• [Raw data]
○ ○ ○ ○
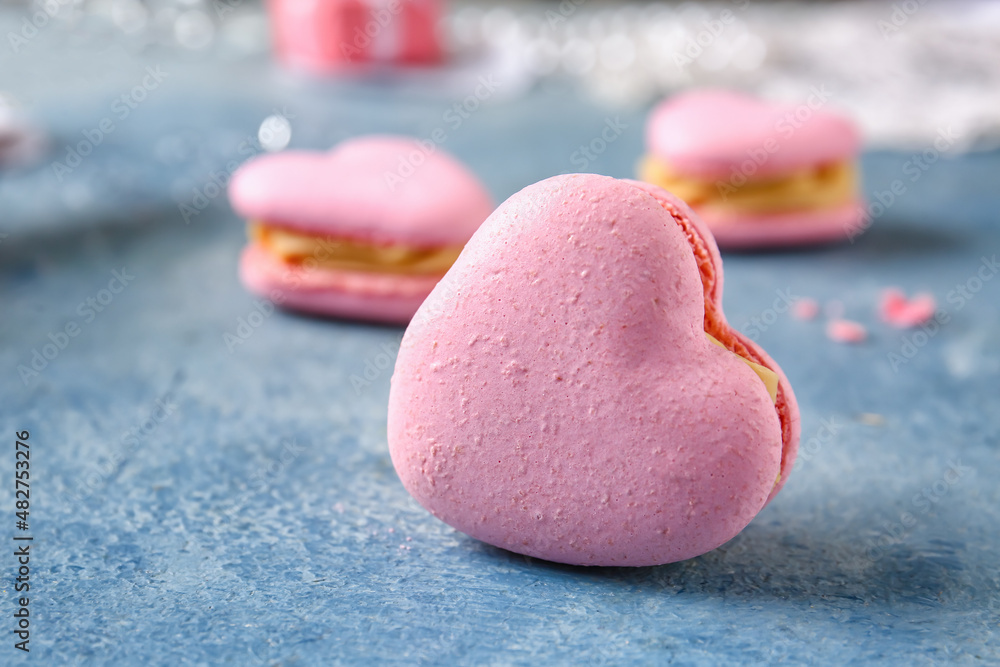 Tasty heart-shaped macaroon on blue background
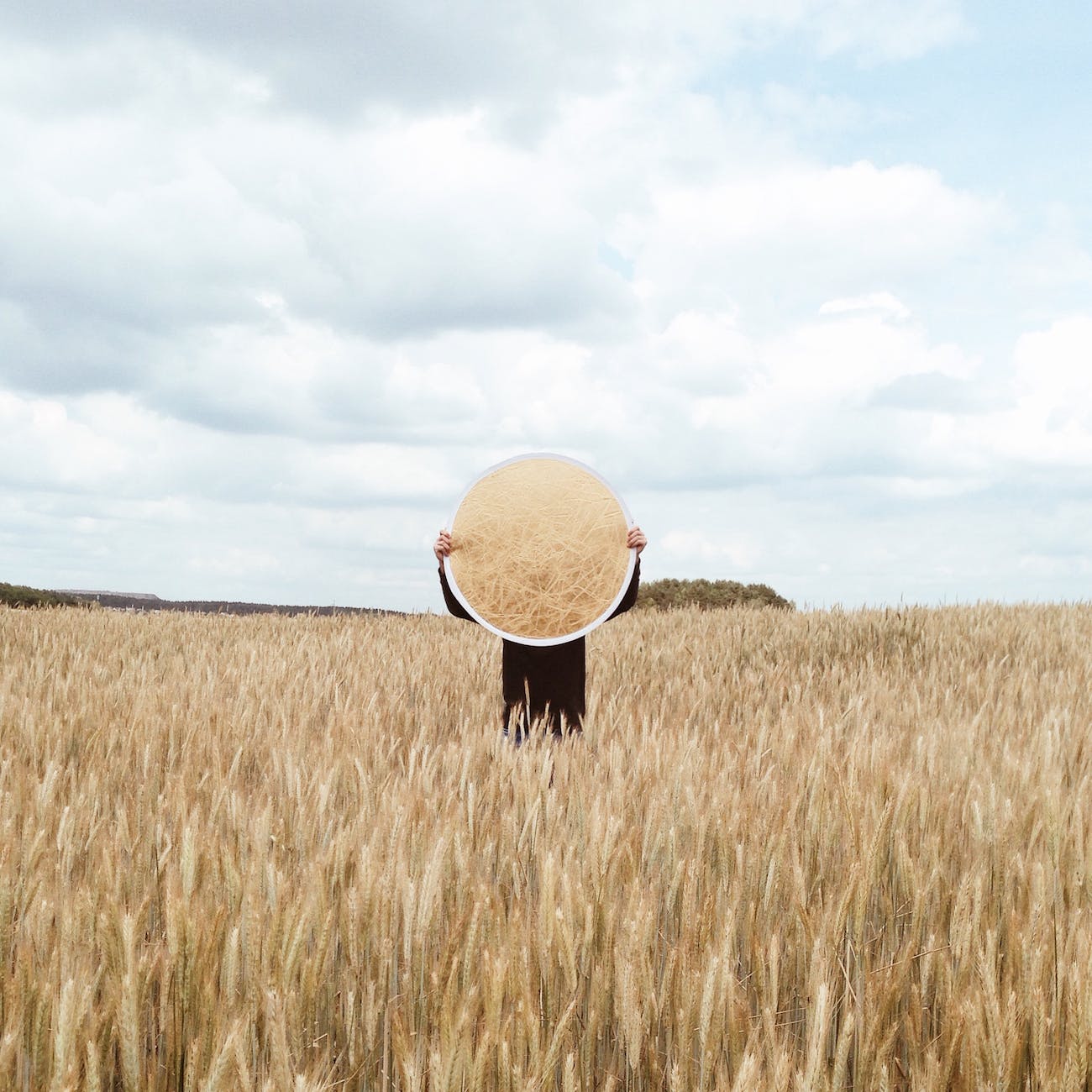person holding a mirror on an open field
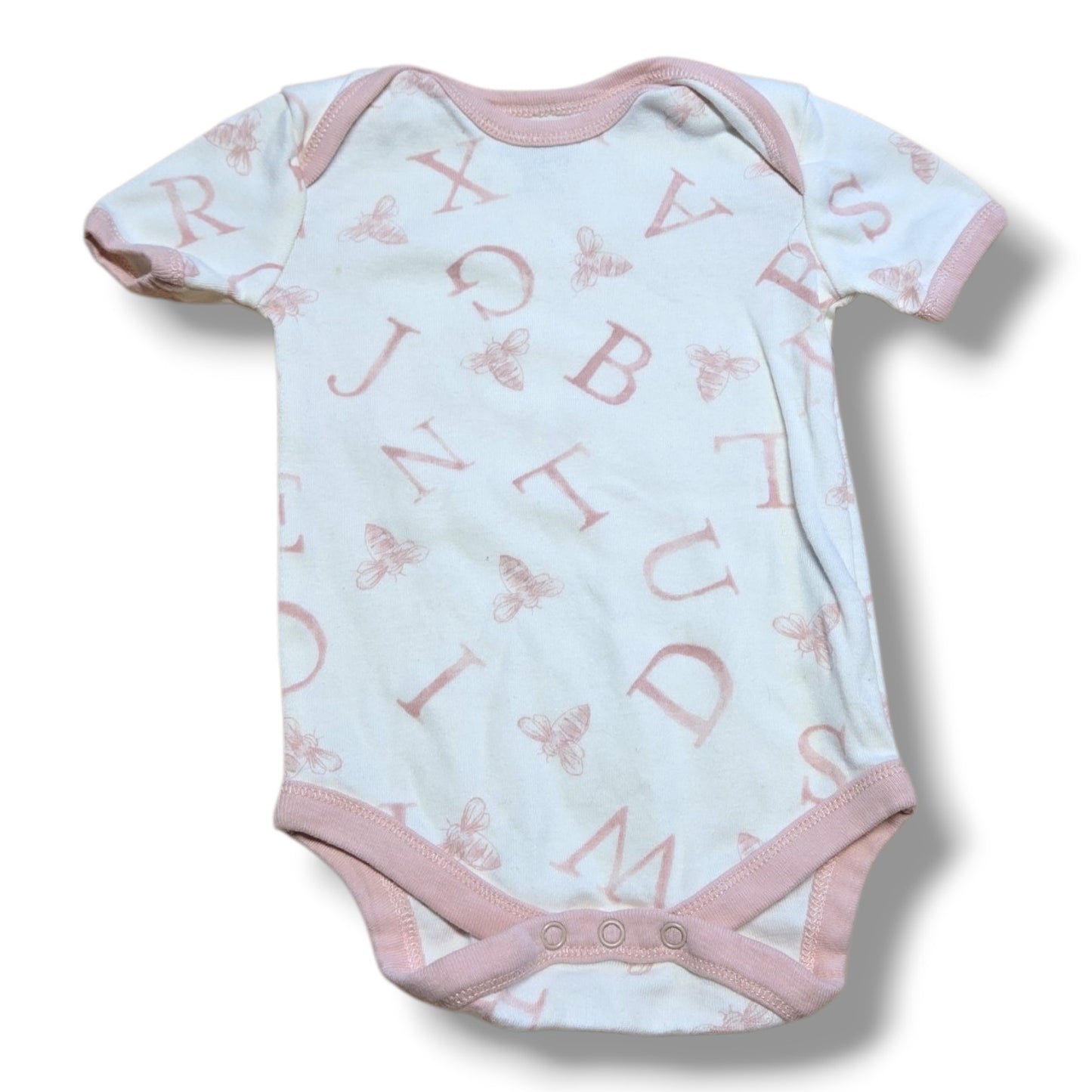 Burts Bees Baby pre-loved baby onesie in mint condition with alphabet and bee print, perfect for infants.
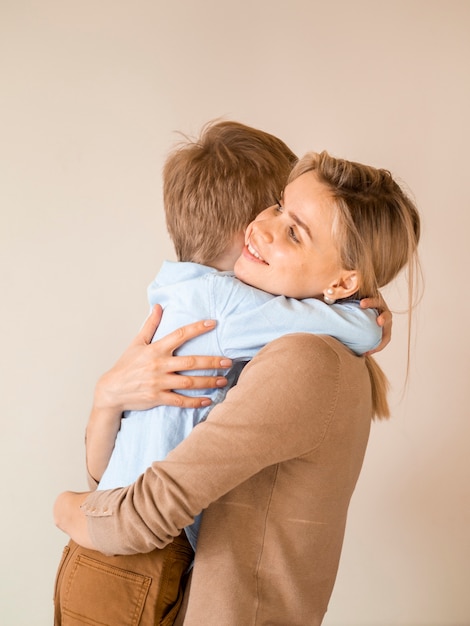 Foto grátis adorável jovem garoto abraçando sua mãe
○ ○ ○ ○
• [Problem to solve]
Here the job is to print all the data exactly, skipping any image.

• [Exercise output]
 Tasty heart-shaped macaroon on blue background
person holding a mirror on an open field
 Burts Bees Baby pre-loved baby onesie in mint condition with alphabet and bee print, perfect for infants.
 Foto grátis adorável jovem garoto abraçando sua mãe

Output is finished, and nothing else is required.